SOURCE MATERIAL
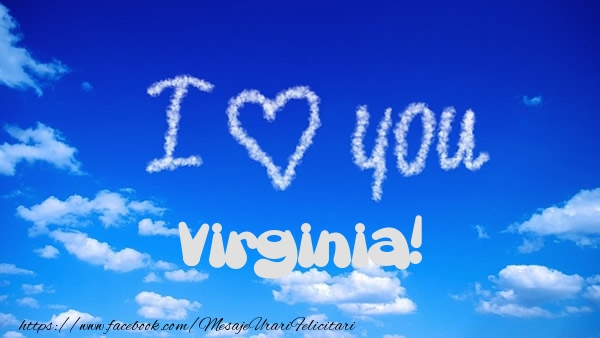  Felicitari de dragoste -  I Love You Virginia!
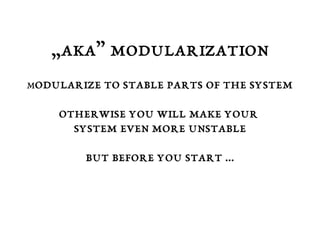 „aka” modularization 
Modularize to stable parts of the system 
otherwise you will make your 
system even more unstable 
but before you start ... 
 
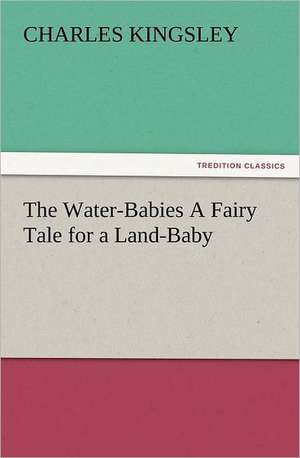 The Water-Babies a Fairy Tale for a Land-Baby: New and Old de Charles Kingsley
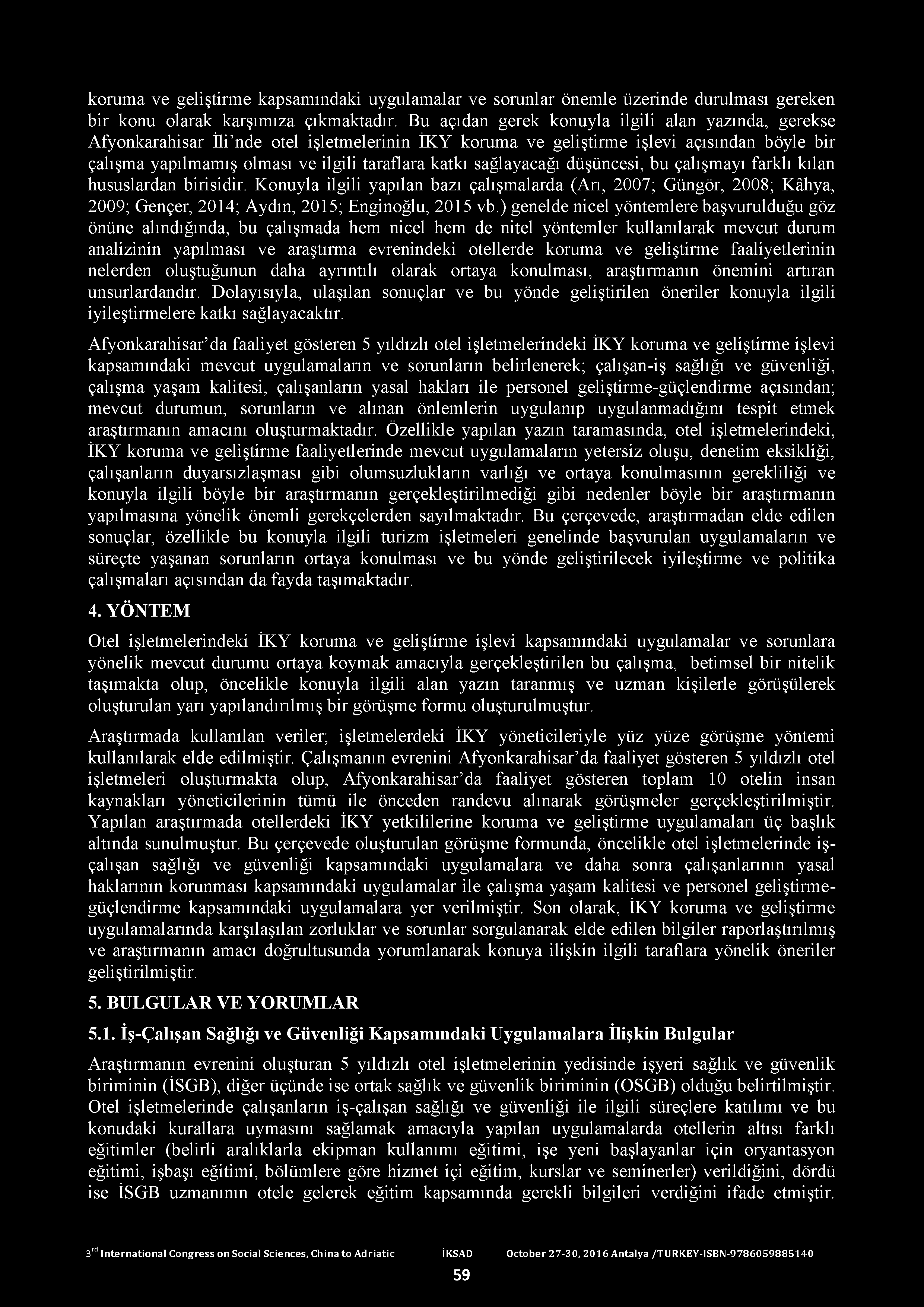 koruma ve geliştirme kapsamındaki uygulamalar ve sorunlar önemle üzerinde durulması gereken bir konu olarak karşımıza çıkmaktadır.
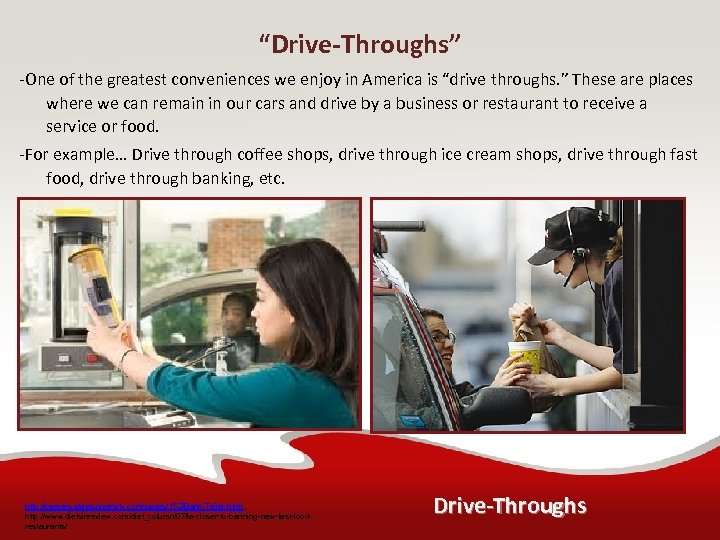 “Drive-Throughs” -One of the greatest conveniences we enjoy in America is “drive throughs. ”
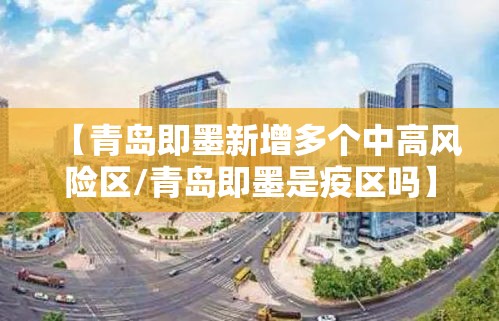 【青岛即墨新增多个中高风险区/青岛即墨是疫区吗】 【青岛即墨新增多个中高风险区/青岛即墨是疫区吗】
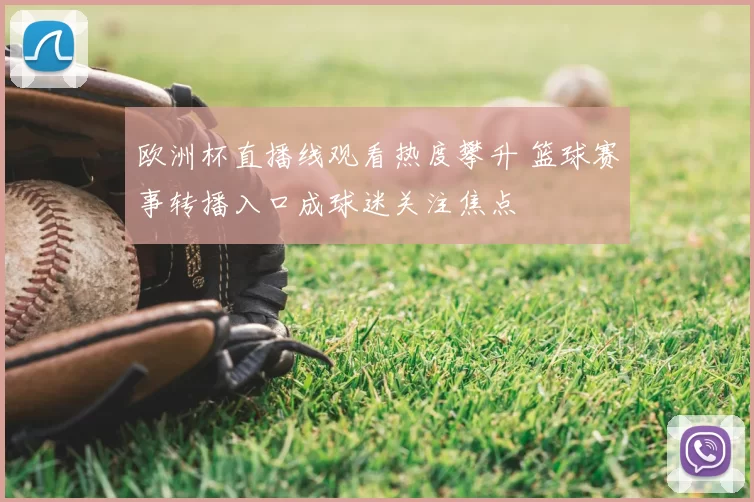 欧洲杯直播线观看热度攀升 篮球赛事转播入口成球迷关注焦点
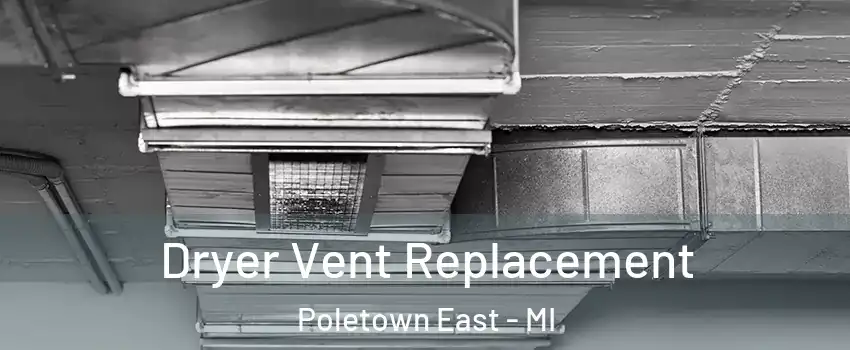 Dryer Vent Replacement Poletown East - MI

WHAT TO WORK ON
Restate the whole listing above exactly, except for its images.

YOUR RESPONSE
  Felicitari de dragoste -  I Love You Virginia!
 „aka” modularization 
Modularize to stable parts of the system 
otherwise you will make your 
system even more unstable 
but before you start ... 
 
 The Water-Babies a Fairy Tale for a Land-Baby: New and Old de Charles Kingsley
 koruma ve geliştirme kapsamındaki uygulamalar ve sorunlar önemle üzerinde durulması gereken bir konu olarak karşımıza çıkmaktadır.
 “Drive-Throughs” -One of the greatest conveniences we enjoy in America is “drive throughs. ”
 【青岛即墨新增多个中高风险区/青岛即墨是疫区吗】 【青岛即墨新增多个中高风险区/青岛即墨是疫区吗】
 欧洲杯直播线观看热度攀升 篮球赛事转播入口成球迷关注焦点
 Dryer Vent Replacement Poletown East - MI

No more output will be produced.